That class-action lawsuit, Hallissey et al v. America Online, Inc., attracted approximately 2,000 community leader volunteers, said Greenberg. America Online’s defense was, as expected, that “volunteers” are not entitled to the same protections as “employees,” and they petitioned the court several times to have the case dismissed. The crux of the case was this definition, and it’s a complicated one.

There are many factors to take into consideration when deciding whether someone is considered an employee, an independent contractor, or a volunteer under the FLSA: factors like the permanence of the relationship between the worker and the employer, the amount and nature of control the employer has over what the worker does and how he or she does it, and who profits from the relationship, and how. What the employer would like to call its workers, and what the workers would like to call themselves, are irrelevant.

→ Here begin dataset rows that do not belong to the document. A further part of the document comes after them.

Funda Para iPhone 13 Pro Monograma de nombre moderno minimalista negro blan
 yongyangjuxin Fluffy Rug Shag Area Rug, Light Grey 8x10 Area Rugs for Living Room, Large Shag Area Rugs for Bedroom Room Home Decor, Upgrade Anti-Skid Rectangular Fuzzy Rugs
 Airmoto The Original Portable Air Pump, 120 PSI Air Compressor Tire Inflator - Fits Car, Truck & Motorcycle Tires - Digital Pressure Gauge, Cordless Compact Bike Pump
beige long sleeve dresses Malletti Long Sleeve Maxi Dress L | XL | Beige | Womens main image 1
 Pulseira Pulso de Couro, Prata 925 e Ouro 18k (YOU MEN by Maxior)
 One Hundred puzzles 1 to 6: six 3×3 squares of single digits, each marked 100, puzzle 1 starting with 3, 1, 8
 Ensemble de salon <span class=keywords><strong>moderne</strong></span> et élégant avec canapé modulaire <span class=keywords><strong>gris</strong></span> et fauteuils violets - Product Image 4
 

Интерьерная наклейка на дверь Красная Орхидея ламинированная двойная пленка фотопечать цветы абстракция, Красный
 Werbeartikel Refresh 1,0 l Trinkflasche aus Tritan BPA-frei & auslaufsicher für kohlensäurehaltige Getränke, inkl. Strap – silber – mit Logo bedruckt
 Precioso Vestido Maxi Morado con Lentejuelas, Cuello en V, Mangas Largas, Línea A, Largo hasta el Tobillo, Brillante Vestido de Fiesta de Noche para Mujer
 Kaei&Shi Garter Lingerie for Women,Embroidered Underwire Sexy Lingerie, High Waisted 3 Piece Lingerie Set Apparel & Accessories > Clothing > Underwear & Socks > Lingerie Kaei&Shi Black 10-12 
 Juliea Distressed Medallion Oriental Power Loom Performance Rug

In one noteworthy ruling that eventually made its way to the Supreme Court in 1985, a company was ordered to pay minimum wage to its employers even though the employees didn’t want it. Tony and Susan Alamo Foundation v. Secretary of Labor was based on hundreds of members of a church volunteering regular hours in the organization’s many commercial side-businesses. The workers did not expect to receive any money for their work, and, in fact, “vigorously protested the payment of wages” at trial. Nevertheless, the court decided that, because the for-profit sides of the organization were in competition with other businesses, the use of 300 unpaid workers was not only unfair to the workers, but it also gave the Alamo Foundation an unfair advantage over its competitors.

In an interview this week, Greenberg, the attorney representing the volunteers in the AOL litigation, made parallels between that case and the Alamo Foundation case. He said he felt that in both situations, the workers should have been classified as employees, not volunteers, “because of the regimented nature of their activities.” In both cases, even though the workers were offering their time willingly, there was an employer-employee type relationship at play: workers had to complete a training program, had to work for a certain number of hours a week, had to report regularly to their superiors on what they had done, and, if they failed to meet the employers’ requirements, were kicked out of the program. Employees do not have the same control (control over what work they do and how they do it) as volunteers do, under the FLSA’s definitions.

But the AOL litigation, at least, was a tricky case nonetheless. The court denied AOL’s requests for dismissal, but it didn’t move to bring the case to trial, either. Hallissey et al. v. America Online sat in the court for years before AOL finally moved to settle the case in 2009. The payout was reportedly for $15 million, although Greenberg declined to comment on the terms of the settlement (settlement figure noted here, page twenty-five).

So. Could a similar case be brought against the AOL/Huffington Post behemoth, today, by the thousands of unpaid Huffington Post bloggers? It’s hard to say. Professor Ellen Dannin, who teaches labor law at Penn State, said that paid and unpaid writers generally fall under the definition of independent contractor with regard to the FLSA law. Freelance writers are not considered employees, nor are they volunteers, which typically refer to people working for nonprofits, charities or religious organizations.

“The definition of ‘employee’ under the Fair Labor Standards Act, which regulates minimum wages, is very elastic, I mean it speaks to the economic realities of circumstances,” said Greenberg. “I think it’s an interesting issue. Whether it would be an issue that would be particularly viable or likely to succeed with respect to a litigation claim, I just don’t know. It would certainly be intriguing if these people were to organize somehow.”

Another professor who teaches employment law, Michael Selmi of George Washington University Law School, responded by e-mail to a question about whether The Huffington Post would under any circumstances be required to pay its writers: “That will depend on the duties of each writer, whether they are assigned jobs by Huffington as opposed to freelancers who submit stories, and whether there is a continuing relationship.”

The thousands of unpaid bloggers in question, of course, have signed no agreement with the site, and are under no obligation to submit their stories with any regularity. They do not receive assignments. If they have an idea for a post but then decide not to write it, they are not penalized by the site’s editors in any way. This lack of regimentation in that editor/writer relationship would weaken the bloggers’ (hypothetical) case against The Huffington Post.